Article 2 : Le surplus des conclusions du pourvoi du DEPARTEMENT DU DOUBS est rejeté.

Article 3 : La demande de la société Grillet Transport devant le juge des référés du tribunal administratif de Besançon en tant qu'elle se rapporte à la phase de la procédure antérieure à la sélection des offres est rejetée.

Article 4 : Le DEPARTEMENT DU DOUBS versera la somme de 3 000 euros à la société Grillet Transport en application des dispositions de l'article L. 761-1 du code de justice administrative.

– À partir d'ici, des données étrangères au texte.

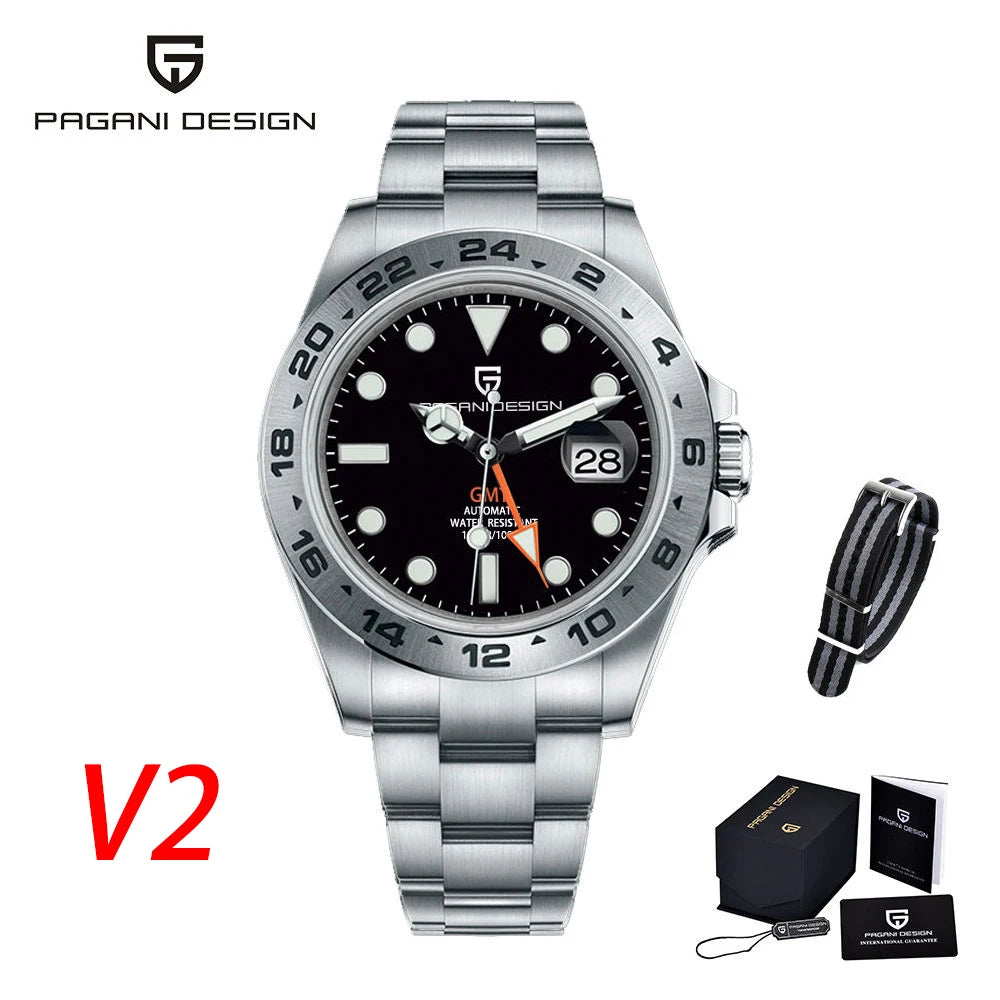 GMT Automatic Men Watch sapphire crystal Waterproof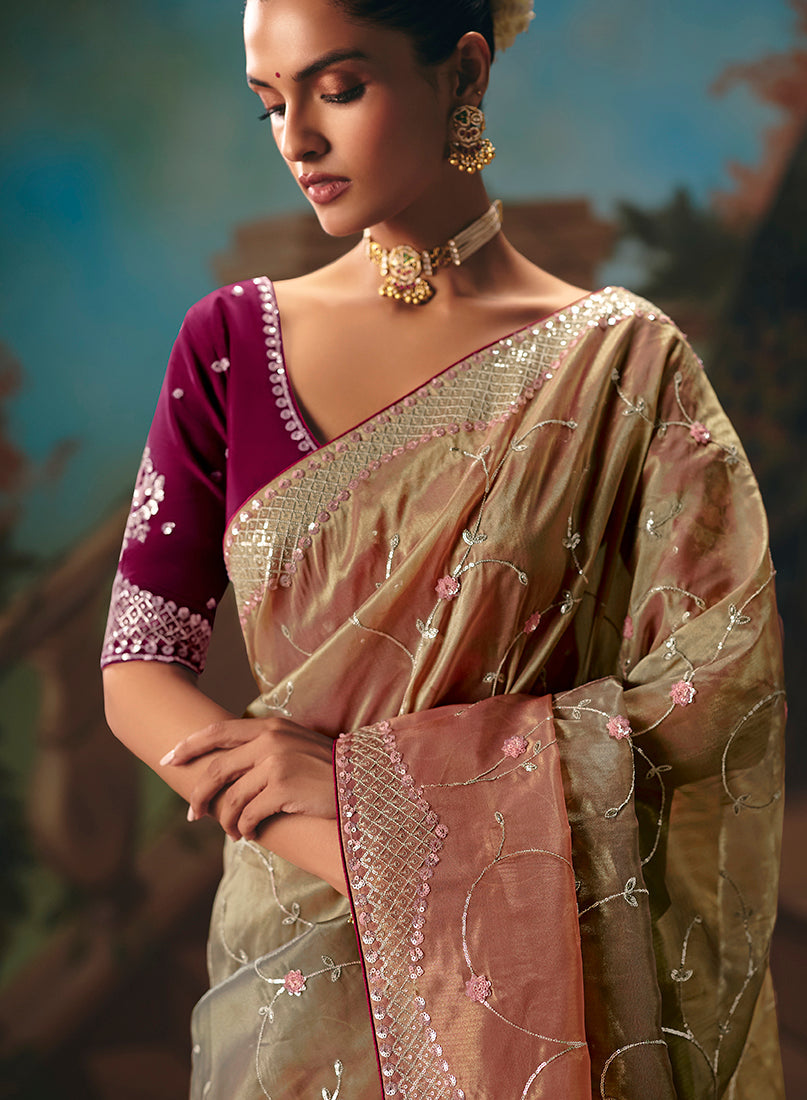 Multicolor Fancy Fabric Saree with Intricate Embroidered Work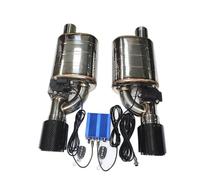Echappement Tuyau D'échappement Silencieux D'échappement Universels Contrôle Soupape Électrique Kit Tuyau D'échappement À Angle Soupape Réglable Silencieux En Acier Inoxydable(Remote b 63MM)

Article 5 : La présente décision sera notifiée au DEPARTEMENT DU DOUBS, à la société Grillet Transport et à l'Entreprise Steve Roy.

Abstrats

39-02-02-03 MARCHÉS ET CONTRATS ADMINISTRATIFS. FORMATION DES CONTRATS ET MARCHÉS. MODE DE PASSATION DES CONTRATS. APPEL D'OFFRES. - NOTION D'OFFRE INCOMPLÈTE - INCLUSION - CAPACITÉS TECHNIQUES ET FINANCIÈRES DES CANDIDATS INSUFFISAMMENT ÉTAYÉES.

Résumé

39-02-02-03 Est irrégulière au sens de l'article 53 du code des marchés publics, et donc à éliminer, une offre qui, à défaut de contenir toutes les pièces ou renseignements requis par les documents de la consultation, est incomplète. Il appartient au pouvoir adjudicateur de vérifier si les candidats au marché justifient, lors du dépôt de leur offre, qu'ils ont entrepris les démarches suffisantes pour disposer effectivement du matériel nécessaire au commencement de l'exécution du marché, et d'éliminer les offres qui ne remplissent pas cette condition.